In this section, we describe the estimation methods currently available in Pumas.jl. Specifically, we present their mathematical description and provide insight into the advantages and disadvantages of each method. A better understanding of the available estimation algorithms will facilitate modeling work by enabling a more informed and suitable choice of algorithm for the task at hand.

1. Categories of Estimation Algorithms

When estimating parameters in nonlinear mixed effects (NLME) models, several algorithmic approaches are available, which can be broadly categorized as follows:

1.1. Marginal vs. Joint Estimation

• Marginal Estimation: In this approach, the random effects (subject-specific parameters) are integrated out, and inference is performed on the population parameters only.

• Joint Estimation: Here, both the population parameters and the random effects are estimated simultaneously.

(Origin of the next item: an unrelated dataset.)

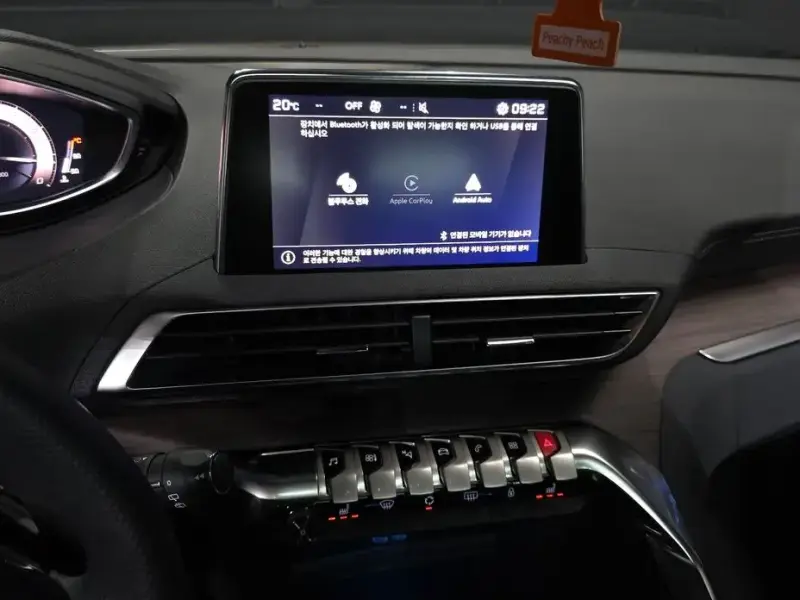 2024 Peugeot 5008 с пробегом 9 960 км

1.2. Bayesian Posterior Sampling vs. Bayesian Point Estimation vs. Frequentist Point Estimation

• Bayesian Posterior Sampling: This approach samples from the posterior distribution of the model parameters, which can be either the marginal posterior (integrating out random effects) or the joint posterior (including both population parameters and random effects).

• Bayesian Point Estimation: The Maximum A Posteriori (MAP) estimate finds the mode of the posterior distribution, providing a single "best" parameter set given the data and prior. As with posterior sampling, the posterior here can be either marginal (integrating out random effects) or joint (including both population parameters and random effects). This is a Bayesian analogue to maximum likelihood, incorporating prior information but not quantifying full uncertainty.

• Frequentist Point Estimation: The Maximum Likelihood Estimate (MLE) finds the parameter values that maximize the likelihood function, without incorporating prior information. In NLME modeling, the likelihood can be either marginal (integrating out random effects) or conditional (conditioning on random effects). In practice, the marginal likelihood is almost always used, as the conditional likelihood is rarely appropriate for NLME models. When marginalizing the random effects, this approach is commonly referred to as empirical Bayes, because it treats the random effects in a probabilistic (Bayesian) manner while treating the population parameters in a frequentist (empirical) way. This is the most common approach for fitting NLME models to data.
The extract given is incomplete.